In some of those tutorials, I see glycerin & oil being added in equal amounts and then only 1 teaspoon or 1 Tablespoon each, depending on the maker &/or the total batch size, I suppose.  But not all do it the same way, so I am guessing they came up with what worked for them via trial and error until they hit upon something that worked well for them.  Or they learned from someone else who had already gone through that process.

So the interesting thing about glycerin is that it can help blend water and oils (emulsify).  Although glycerin is rather sticky, so using a lot of it would tend to produce a sticky product. 

Castor Oil alone is also rather sticky, so using both together could produce a stickiness, but as long as they are added in small amounts & well blended using a powerful blender, perhaps the emulsion would not be so sticky.

But I don't know.  I've never added them to a re-liquefied bar soap.  But in regular bar soap, too much of either absolutely does create a sticky bar of soap.  That I have done, without that particular intent.

I also know that the African Black soap I have used was quite drying to the skin and some recommendations I read when I first used it was to use it only once or twice a week.  So the glycerin and castor oil would offset some of that skin drying effect, and I suspect you are using Aloe Vera for the same reason, more or less.
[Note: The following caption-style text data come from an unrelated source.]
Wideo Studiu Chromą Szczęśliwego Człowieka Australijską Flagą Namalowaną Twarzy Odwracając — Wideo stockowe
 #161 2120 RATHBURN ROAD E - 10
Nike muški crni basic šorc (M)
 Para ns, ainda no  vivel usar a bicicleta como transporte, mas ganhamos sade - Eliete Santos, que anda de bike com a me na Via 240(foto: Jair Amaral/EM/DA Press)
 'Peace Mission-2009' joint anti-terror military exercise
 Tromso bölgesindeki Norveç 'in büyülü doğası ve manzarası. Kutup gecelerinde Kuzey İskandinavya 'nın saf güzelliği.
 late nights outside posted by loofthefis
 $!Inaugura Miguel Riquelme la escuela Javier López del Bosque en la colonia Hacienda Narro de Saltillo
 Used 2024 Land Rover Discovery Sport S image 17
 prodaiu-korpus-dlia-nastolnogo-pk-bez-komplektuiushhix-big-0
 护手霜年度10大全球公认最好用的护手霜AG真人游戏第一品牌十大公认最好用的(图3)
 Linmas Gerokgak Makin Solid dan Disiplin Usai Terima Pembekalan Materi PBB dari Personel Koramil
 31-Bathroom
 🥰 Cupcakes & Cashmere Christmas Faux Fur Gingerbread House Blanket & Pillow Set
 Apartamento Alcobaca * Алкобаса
You'll probably find that most soapers here at SMF are of the 'start from scratch' variety, in that we make our liquid soap in a more traditional way where we mix oils and potassium hydroxide lye solution to create our liquid soap, so you may not get many responses.  The only time I liquified ABS was with only water, and no additional additives. It certainly melts easily in water.  I gave a bar to my granddaughter, and it just melted away in the shower.  She didn't really pay close attention to the caution of keeping it dry between uses.


----------



## cmzaha (Sep 18, 2020)

I dislike ABS because it is very stripping and still have 3 or 4 lbs sitting around haunting me since all my markets shut down.


----------



## Marria (Sep 19, 2020)

I appreciate the input, however, my soap was not sticky, but waxy.  I was using the pure, raw, unrefined, non processed, natural form ABS. I've made it many times before from same recipe & never had this problem. The soap smelled & lathered great, & everyone I shared it with loved it,
 when I made it before.


I realized now that W with this batch , I did not measure glycerin or castor oil.  I finally fixed the problem though, by adding more liquid ABS & some more fracitionaded coconut oil. I did have to play with it a bit, to get rid of the waxy feel (not sticky feel). Really pleased with final results.
Again, thanks for your input.


----------



## earlene (Sep 19, 2020)

I am glad to hear you fixed the problem.  Careful measurement & documentation for all ingredients seems to be the best way to be able to reproduce consistent results.  Even then sometimes something happens to throw a fly into the works & figuring out what went wrong can be tricky.  But it sounds like you've got it handled.


----------



## Marria (Sep 19, 2020)

Thanks for the suggestion Earlene.
This hiccup was my first batch ever & I gestimated the glycerin. & castor oil.  Lesson learned.
Thanks again


----------



## TheGecko (Sep 20, 2020)

Soap making may be magical, but at its heart it’s science and science requires exact measurements to provide consistent results.


----------